Bref, cet épilogue a été
retrouvé récemment à Ottawa et c'est un miracle
que j'en avais gardé une copie sur papier qui a survécue.
Si cela était resté chez mes parents, cela aurait
été à la poubelle très rapidement
car ils ont tout jeté. Ce qui me fait me demander quoi
d'autres j'ai écrit qu'ils ont jeté!
Roland Michel Tremblay
Épilogue
Sur la route de ma réussite, voyez la beauté de
mes inquiétudes. Car tout est accompli et mes rêves
concrétisés. Ne deviendrait-il pas inutile de vivre?
Puisque le temps n'a plus de signification et que pourtant on
n'en a jamais suffisamment. Je dis, si ma destinée existe,
que mes buts sont bien définis et qu'il ne me reste qu'à
suivre la route ainsi tracée, j'oublie le temps, l'existence,
et je saute à la rivière.
Mais alors je change mon destin. Ce qui
fait de moi un homme qui n'a pas vécu. Ne serait-ce que
pour ne pas désirer vivre et avoir eu le temps d'y réfléchir.

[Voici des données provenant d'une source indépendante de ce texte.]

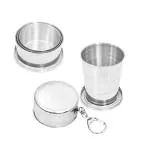 kunya Portable Folding Stainless Steel Travel Camping Water Mug Cup Glass (Silver) Pack of 2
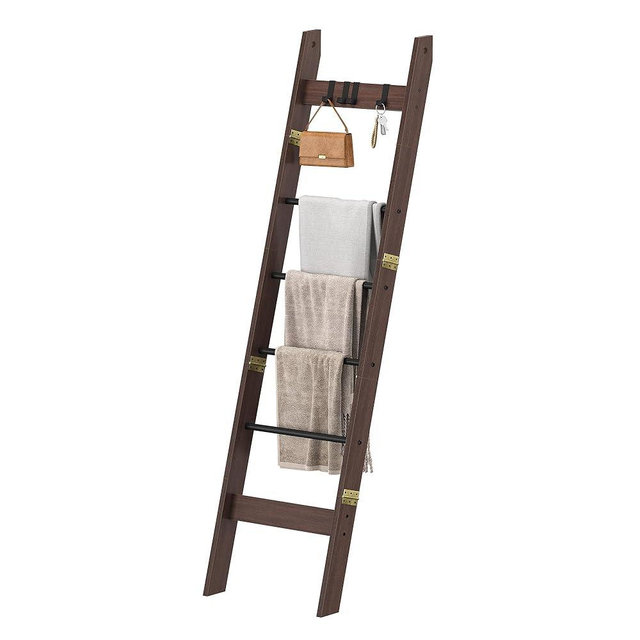 Hzuaneri Blanket Ladder for Living Room, Decorative Quilt Rack with 4 Removable Hooks, 6-Tier Farmhouse Ladder Holder Shelf Organizer for Bedroom, Black Tea Brown and Black BR31520B
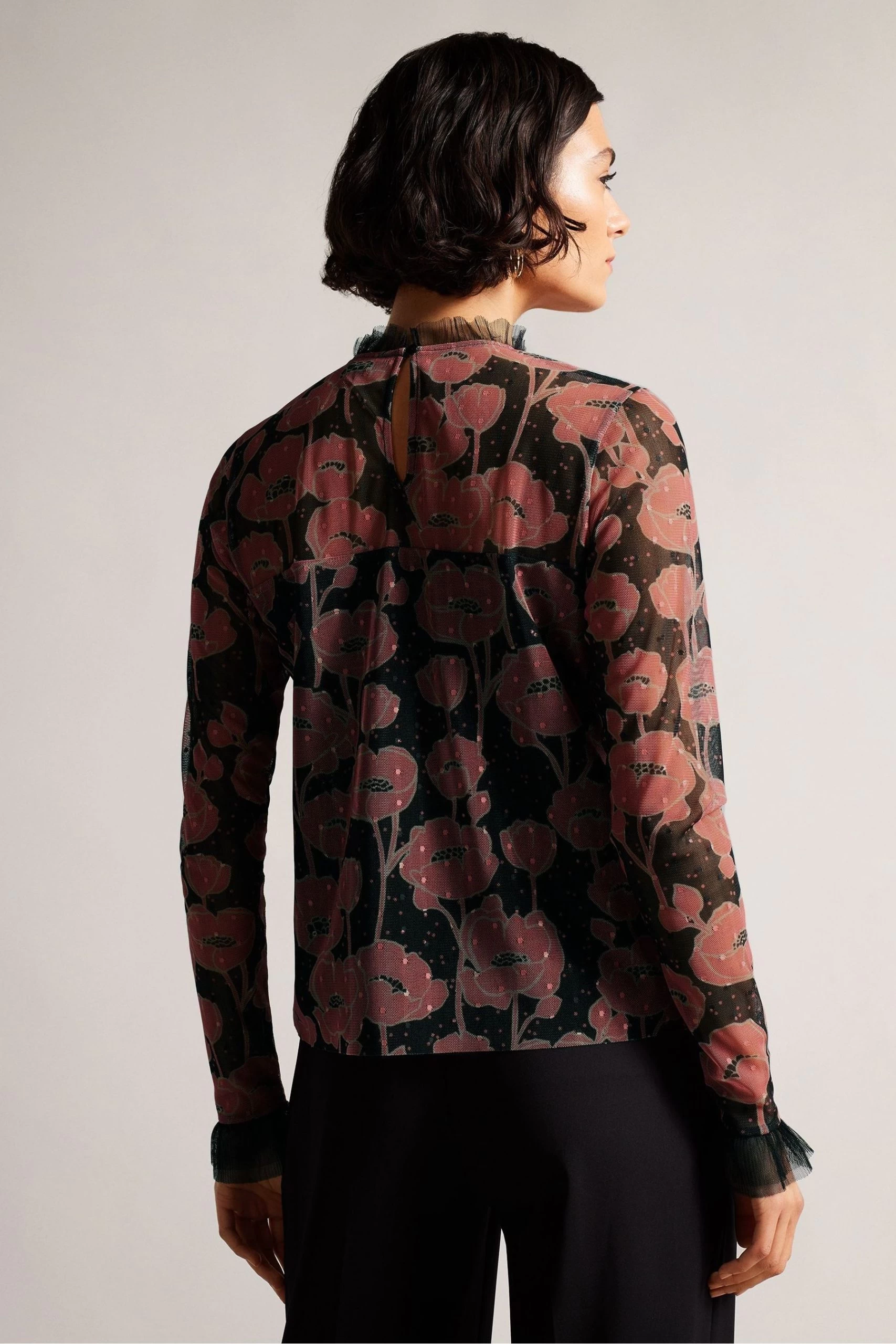 Ted Baker Maggann Black Long Sleeved Top With Neck Frills 4 Ted Baker Maggann Black Long Sleeved Top With Neck Frills - Image 2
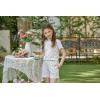 Arshiner Girls Shorts Set 2‑Piece Ribbed Knit Summer Outfit Short Sleeve Top & Elastic Waist Shorts Casual Playwear(Floral)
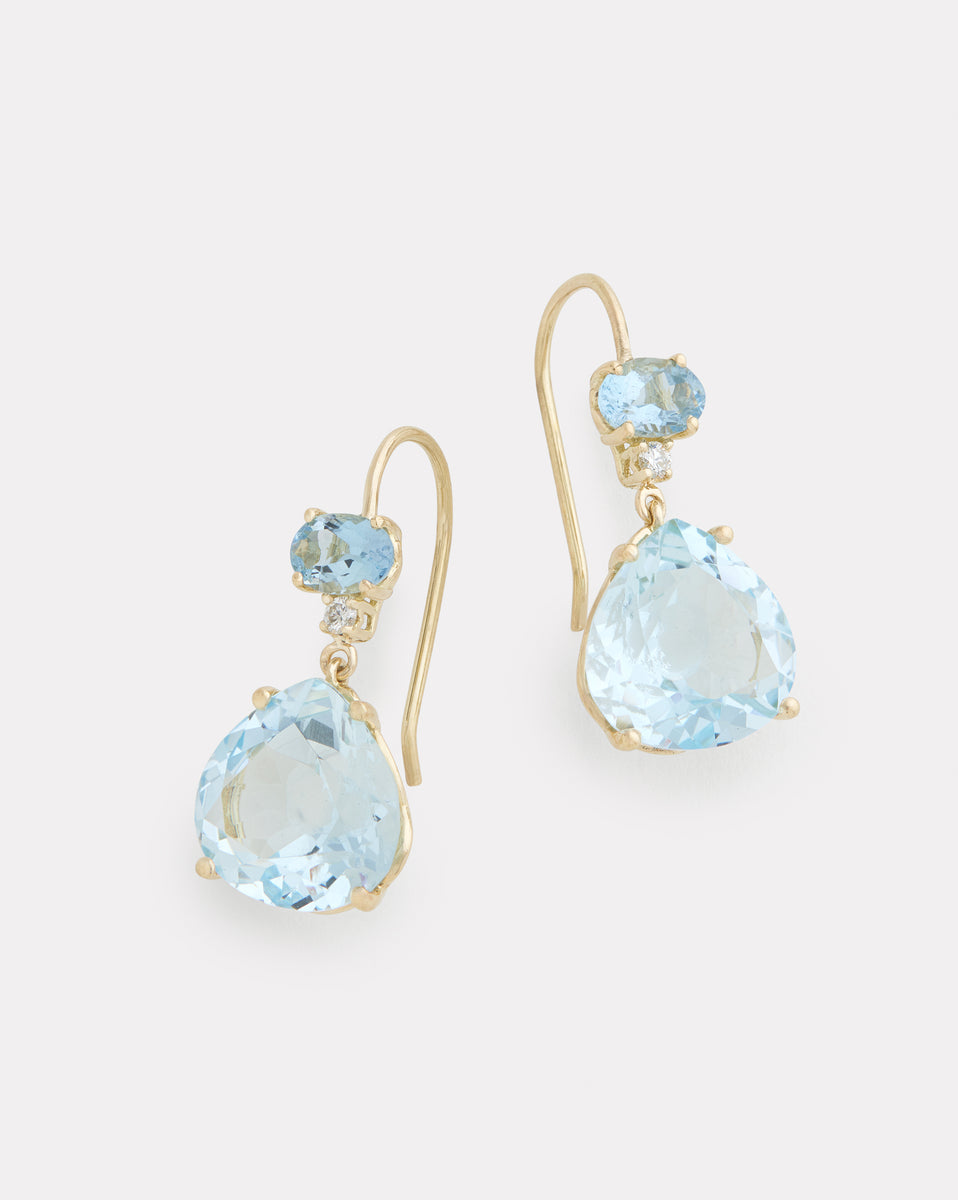 Oval and Pear Shape Drop Earrings with Aquamarine, Sky Blue Topaz, and Diamonds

Ainsi donc je construis mon destin, et le temps me fuit. Et ô
horreur, j'existe.
Eh bien, l'existence m'ouvre une porte sur l'agir,
et je le jure, mes actions seront utiles. Je puis redéfinir
la notion de temps, et voir en mon cheminement et ma destinée
de vagues réalités secondaires. Je puis également
voir en l'existence la notion d'inexistence, où vivre devient
une absurdité.
Et j'ai maintenant la possibilité de m'inquiéter
avec de vrais problèmes existentiels: le gouffre où
conduit la rivière, la menace d'une inondation, le soleil
qui s'éteindra, puis l'Amour avec l'Aventure obligée
pour y accéder.
Mais ma raison, biaisée par les artifices
de mes semblables, raconte une histoire contraire à mes
désirs. Il ne me reste que la révolte qui m'amènera
à suivre l'appel de l'Aventure. Ou la soumission, qui m'amènera
à mourir au milieu de la raison. Ainsi le monde peut s'éteindre
et la conscience m'en sera loin.
L'important reste le souvenir d'un but à
l'existence. L'important c'est de ne pas oublier qu'il m'est impossible
de connaître mon cheminement avant même de l'avoir
parcouru. Car il est à bâtir. Et si j'ai le malheur
de le devancer en y définissant des buts, j'atteindrai
ces buts et j'oublierai la signification de l'existence. Car se
fixer des objectifs c'est définir l'existence. Atteindre
ces objectifs c'est détruire l'existence.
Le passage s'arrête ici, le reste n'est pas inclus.